Hyperlipidemia is defined as an increase in plasma lipids, which has been considered to be an important factor in the occurrence and severity of atherosclerotic cardiovascular diseases [1,2,3]. Clinical trials have shown that the increase of TC and TG in plasma is related to the development of atherosclerosis [4]. In the past few years, finding new drugs that can reduce and regulate the levels of TC and TG in plasma had been a hot topic, leading to numerous reports on the significant activity of natural drugs [5]. Herbal medicines have been proven to be powerful treatments for a variety of human diseases, including cancer, atherosclerosis, ulcers, diabetes, kidney disease and liver disease [6]. As an important component of national medicine, traditional Mongolian medicine is a Chinese medicine system localized in Inner Mongolia, with a long history of use of plant-based medicines in the treatment of cardiovascular diseases.
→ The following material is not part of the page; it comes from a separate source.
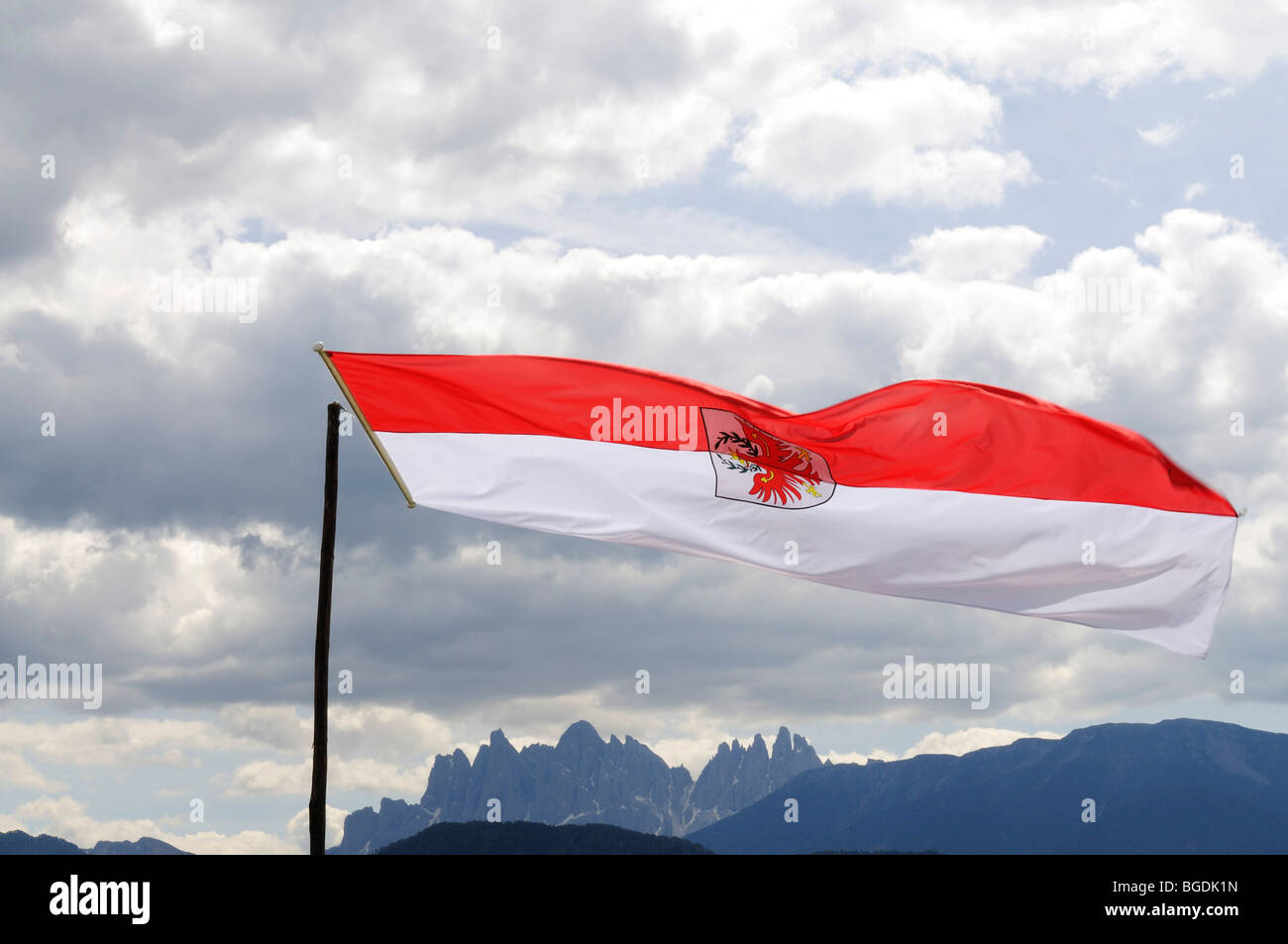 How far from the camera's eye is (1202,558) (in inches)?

A. integrifolia (Composite) is widely distributed in Inner Mongolia where it is used as a medicinal and edible plant [7,8]. Modern pharmacological studies have demonstrated that its ethanol extract possesses very good superoxide, hydroxyl and nitric oxide free radical scavenging activities and can inhibit lipid peroxidation [9].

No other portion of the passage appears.